◆ **Brief**:
Each line from the opening of the listing below through the line that contains "Mavi dökülen yaprakların" is to be output exactly as written.

◆ **Record extracts**:
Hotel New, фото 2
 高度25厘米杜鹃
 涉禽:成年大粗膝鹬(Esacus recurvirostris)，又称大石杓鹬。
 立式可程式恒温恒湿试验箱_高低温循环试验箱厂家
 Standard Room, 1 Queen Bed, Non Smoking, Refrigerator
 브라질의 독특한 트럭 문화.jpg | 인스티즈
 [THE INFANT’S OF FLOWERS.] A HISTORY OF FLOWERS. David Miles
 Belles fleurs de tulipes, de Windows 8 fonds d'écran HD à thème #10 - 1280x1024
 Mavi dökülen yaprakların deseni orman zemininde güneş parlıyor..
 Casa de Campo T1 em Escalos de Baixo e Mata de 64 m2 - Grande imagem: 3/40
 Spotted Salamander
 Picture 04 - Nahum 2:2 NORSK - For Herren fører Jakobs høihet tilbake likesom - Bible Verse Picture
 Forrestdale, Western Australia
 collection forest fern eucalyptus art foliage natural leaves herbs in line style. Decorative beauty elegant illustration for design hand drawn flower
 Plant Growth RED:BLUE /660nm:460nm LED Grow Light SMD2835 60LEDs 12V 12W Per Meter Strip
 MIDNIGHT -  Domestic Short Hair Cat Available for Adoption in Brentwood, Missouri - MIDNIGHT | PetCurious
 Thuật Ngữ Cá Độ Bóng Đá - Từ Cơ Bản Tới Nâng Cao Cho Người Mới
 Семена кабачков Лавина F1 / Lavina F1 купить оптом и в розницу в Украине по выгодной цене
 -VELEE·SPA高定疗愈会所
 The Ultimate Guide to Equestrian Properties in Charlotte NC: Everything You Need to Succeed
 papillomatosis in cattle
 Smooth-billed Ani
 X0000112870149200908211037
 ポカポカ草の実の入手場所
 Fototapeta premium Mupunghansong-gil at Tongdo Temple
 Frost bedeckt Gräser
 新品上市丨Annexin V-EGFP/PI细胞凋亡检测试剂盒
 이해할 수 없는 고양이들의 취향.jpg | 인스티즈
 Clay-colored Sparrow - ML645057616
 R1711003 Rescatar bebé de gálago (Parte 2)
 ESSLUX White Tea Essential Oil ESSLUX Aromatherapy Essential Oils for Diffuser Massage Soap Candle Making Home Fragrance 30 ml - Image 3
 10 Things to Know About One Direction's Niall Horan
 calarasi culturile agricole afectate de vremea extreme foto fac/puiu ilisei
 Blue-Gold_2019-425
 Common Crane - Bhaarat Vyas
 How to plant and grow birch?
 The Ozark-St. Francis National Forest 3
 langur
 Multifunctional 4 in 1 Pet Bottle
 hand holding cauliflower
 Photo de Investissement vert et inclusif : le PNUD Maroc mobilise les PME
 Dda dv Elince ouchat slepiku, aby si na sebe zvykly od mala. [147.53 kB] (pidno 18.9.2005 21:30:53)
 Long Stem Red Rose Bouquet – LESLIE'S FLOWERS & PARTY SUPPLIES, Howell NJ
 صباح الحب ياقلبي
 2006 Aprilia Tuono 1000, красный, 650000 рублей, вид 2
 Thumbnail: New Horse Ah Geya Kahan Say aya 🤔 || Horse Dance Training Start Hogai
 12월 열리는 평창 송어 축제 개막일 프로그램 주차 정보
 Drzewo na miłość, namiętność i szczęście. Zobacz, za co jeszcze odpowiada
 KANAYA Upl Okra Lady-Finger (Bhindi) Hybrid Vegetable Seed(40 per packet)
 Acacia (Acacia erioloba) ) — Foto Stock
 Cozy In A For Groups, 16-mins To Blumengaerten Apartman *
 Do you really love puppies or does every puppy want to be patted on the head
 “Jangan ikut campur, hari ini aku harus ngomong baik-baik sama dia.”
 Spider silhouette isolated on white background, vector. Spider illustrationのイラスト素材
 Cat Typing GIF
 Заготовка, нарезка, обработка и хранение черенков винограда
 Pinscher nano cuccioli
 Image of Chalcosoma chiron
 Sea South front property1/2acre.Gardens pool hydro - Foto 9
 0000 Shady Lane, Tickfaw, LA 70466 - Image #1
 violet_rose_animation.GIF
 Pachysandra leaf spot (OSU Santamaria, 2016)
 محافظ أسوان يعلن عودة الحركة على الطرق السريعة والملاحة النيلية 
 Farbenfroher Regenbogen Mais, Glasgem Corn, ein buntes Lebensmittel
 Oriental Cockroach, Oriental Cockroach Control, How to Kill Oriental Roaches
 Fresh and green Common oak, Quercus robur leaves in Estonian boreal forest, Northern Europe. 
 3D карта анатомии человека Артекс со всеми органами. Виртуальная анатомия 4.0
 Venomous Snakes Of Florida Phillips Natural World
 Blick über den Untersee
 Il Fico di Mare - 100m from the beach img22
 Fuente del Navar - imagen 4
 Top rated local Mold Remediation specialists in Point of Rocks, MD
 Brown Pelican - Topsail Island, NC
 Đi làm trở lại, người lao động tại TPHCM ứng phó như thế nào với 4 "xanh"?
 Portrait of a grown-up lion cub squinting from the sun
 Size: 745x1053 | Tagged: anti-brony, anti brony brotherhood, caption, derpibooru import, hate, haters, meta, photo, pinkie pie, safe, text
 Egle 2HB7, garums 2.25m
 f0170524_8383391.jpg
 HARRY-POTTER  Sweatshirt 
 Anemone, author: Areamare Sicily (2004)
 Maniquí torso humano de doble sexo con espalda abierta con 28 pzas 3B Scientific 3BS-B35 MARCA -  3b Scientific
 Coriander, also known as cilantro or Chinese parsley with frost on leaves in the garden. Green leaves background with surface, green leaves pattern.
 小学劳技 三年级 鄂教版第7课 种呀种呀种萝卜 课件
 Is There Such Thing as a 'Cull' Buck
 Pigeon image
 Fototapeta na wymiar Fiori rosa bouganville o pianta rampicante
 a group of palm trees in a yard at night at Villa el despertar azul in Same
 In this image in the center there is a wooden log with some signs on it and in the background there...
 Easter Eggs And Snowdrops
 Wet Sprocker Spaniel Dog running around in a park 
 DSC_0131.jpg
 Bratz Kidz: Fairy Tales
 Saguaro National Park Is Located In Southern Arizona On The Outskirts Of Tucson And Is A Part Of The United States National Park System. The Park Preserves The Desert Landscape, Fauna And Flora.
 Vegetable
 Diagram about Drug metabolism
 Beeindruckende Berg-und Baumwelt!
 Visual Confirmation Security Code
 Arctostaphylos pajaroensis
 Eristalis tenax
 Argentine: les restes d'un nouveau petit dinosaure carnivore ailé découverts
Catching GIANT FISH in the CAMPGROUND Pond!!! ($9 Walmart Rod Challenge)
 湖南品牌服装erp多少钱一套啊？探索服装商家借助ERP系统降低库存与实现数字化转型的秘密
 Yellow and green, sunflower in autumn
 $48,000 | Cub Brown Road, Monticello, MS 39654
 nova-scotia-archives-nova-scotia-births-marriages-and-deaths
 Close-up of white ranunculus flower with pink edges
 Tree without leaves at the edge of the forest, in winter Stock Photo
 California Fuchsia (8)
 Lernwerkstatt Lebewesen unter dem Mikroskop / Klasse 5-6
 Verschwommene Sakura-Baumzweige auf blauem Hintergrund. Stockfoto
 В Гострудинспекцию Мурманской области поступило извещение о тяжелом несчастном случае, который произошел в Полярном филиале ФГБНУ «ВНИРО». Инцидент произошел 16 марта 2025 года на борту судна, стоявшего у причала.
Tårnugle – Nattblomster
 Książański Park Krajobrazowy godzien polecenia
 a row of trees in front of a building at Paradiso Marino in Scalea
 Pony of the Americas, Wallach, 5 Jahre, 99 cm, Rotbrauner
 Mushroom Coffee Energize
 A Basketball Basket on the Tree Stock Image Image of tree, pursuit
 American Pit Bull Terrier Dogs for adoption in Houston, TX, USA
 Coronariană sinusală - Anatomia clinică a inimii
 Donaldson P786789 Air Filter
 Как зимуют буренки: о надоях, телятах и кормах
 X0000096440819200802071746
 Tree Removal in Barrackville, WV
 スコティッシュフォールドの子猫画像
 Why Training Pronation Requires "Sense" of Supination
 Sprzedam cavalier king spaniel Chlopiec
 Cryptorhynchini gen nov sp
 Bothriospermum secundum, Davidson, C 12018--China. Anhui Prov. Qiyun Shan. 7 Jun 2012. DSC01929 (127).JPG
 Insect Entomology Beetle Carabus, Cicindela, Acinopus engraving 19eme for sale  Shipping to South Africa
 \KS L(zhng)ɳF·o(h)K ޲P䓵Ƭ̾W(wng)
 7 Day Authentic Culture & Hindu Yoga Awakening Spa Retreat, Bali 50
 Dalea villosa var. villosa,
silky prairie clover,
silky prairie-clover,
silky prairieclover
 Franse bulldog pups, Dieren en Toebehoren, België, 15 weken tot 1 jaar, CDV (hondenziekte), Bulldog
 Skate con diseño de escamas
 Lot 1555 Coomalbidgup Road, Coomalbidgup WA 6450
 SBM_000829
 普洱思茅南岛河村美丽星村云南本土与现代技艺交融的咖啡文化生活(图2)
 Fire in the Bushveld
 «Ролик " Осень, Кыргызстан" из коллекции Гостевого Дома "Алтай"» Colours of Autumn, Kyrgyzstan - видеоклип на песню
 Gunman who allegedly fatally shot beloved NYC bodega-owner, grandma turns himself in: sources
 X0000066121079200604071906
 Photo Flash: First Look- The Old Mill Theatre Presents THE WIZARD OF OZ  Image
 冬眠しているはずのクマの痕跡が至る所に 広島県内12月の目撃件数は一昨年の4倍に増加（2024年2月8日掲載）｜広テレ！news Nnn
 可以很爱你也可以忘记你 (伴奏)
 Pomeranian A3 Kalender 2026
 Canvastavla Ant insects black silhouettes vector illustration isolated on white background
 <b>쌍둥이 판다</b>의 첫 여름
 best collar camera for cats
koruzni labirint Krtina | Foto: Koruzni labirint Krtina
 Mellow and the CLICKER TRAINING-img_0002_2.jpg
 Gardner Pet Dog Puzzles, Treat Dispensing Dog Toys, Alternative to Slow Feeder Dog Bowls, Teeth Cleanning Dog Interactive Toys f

◆ **Your response**:
Hotel New, фото 2
 高度25厘米杜鹃
 涉禽:成年大粗膝鹬(Esacus recurvirostris)，又称大石杓鹬。
 立式可程式恒温恒湿试验箱_高低温循环试验箱厂家
 Standard Room, 1 Queen Bed, Non Smoking, Refrigerator
 브라질의 독특한 트럭 문화.jpg | 인스티즈
 [THE INFANT’S OF FLOWERS.] A HISTORY OF FLOWERS. David Miles
 Belles fleurs de tulipes, de Windows 8 fonds d'écran HD à thème #10 - 1280x1024
 Mavi dökülen yaprakların deseni orman zemininde güneş parlıyor..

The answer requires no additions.